Look through the listing below for the line with "Black Poedagar spinning" and the line with "Yacht Photos Pics". Copy both, along with every line between them, exactly and with no pictures.

*SUPPLIED DATA*.
# # # # # # #
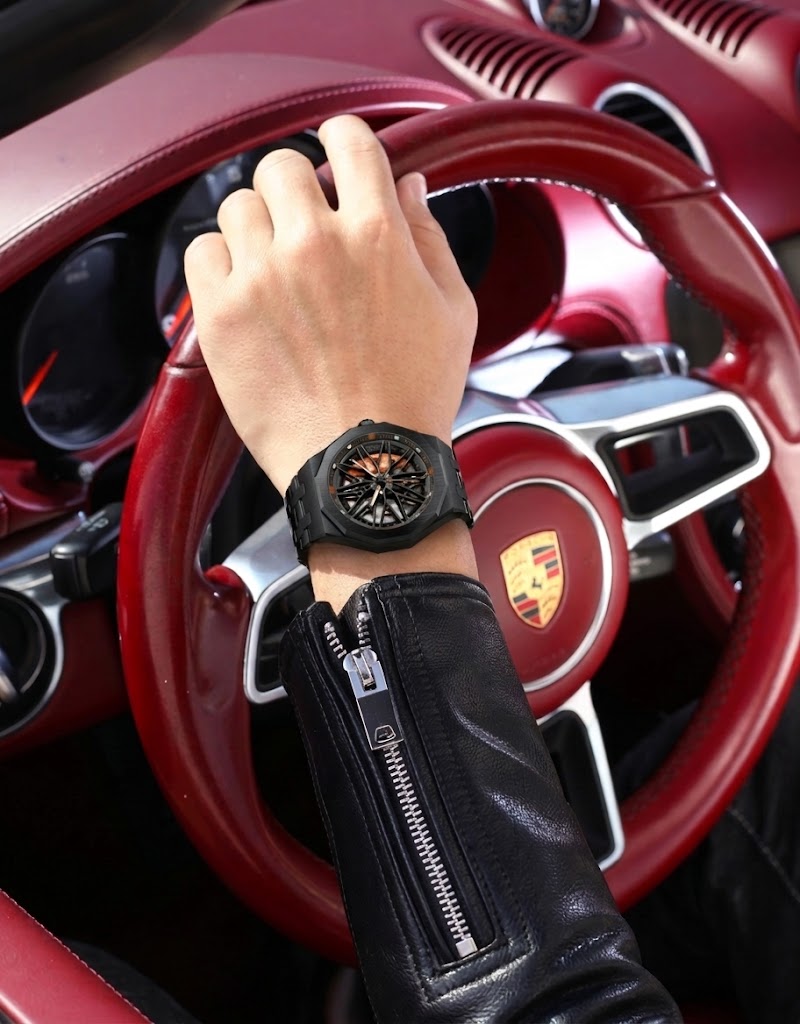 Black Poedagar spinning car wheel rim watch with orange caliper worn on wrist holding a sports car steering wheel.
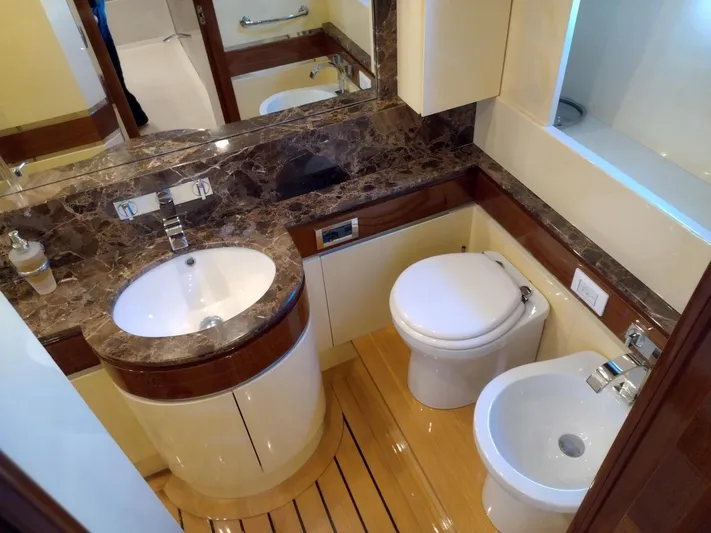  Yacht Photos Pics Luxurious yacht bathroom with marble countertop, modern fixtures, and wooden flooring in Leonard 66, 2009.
# # # # # # #
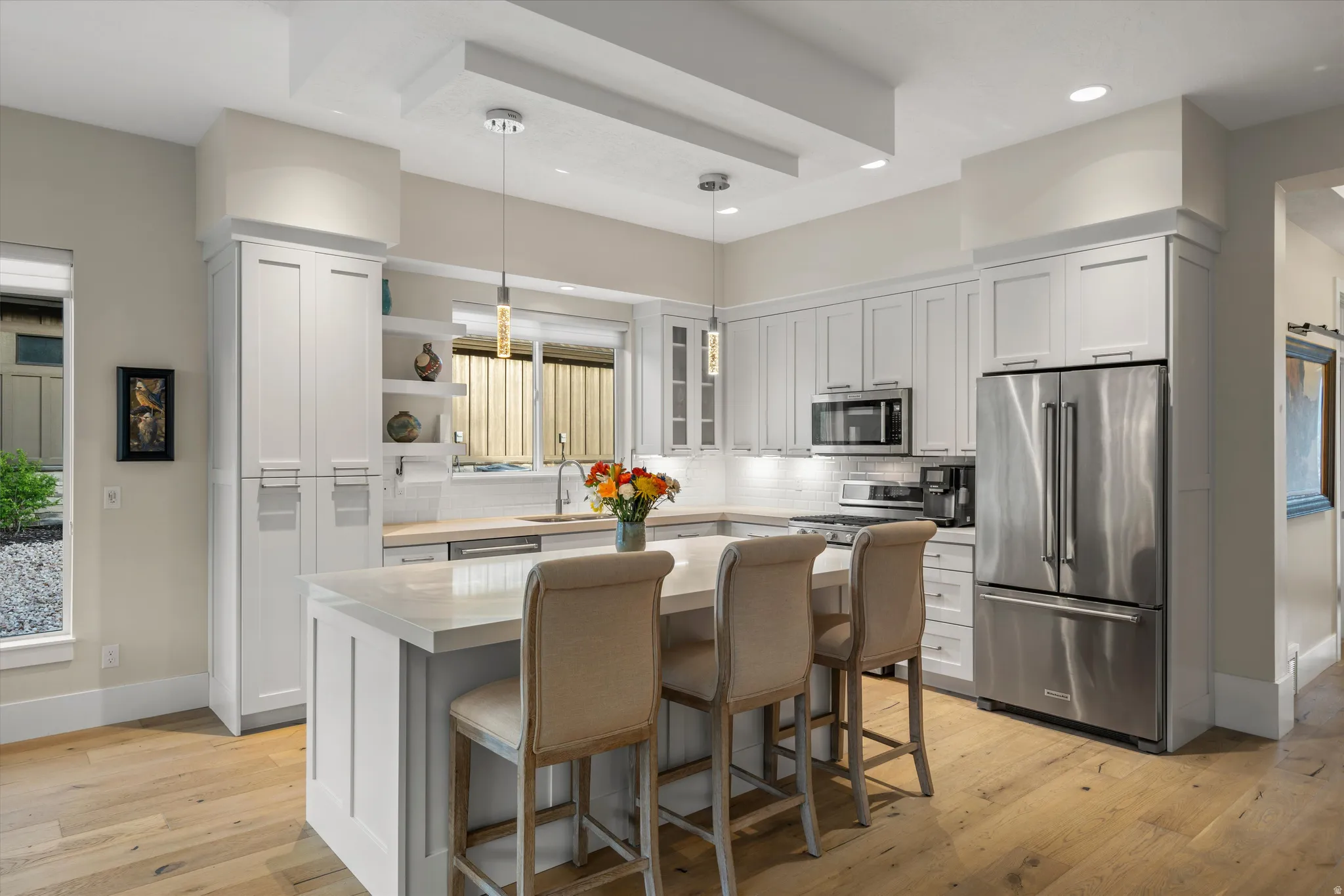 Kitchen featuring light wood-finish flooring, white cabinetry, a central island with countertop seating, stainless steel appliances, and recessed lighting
# # # # # # #
*ANSWER SECTION*.
 Black Poedagar spinning car wheel rim watch with orange caliper worn on wrist holding a sports car steering wheel.
  Yacht Photos Pics Luxurious yacht bathroom with marble countertop, modern fixtures, and wooden flooring in Leonard 66, 2009.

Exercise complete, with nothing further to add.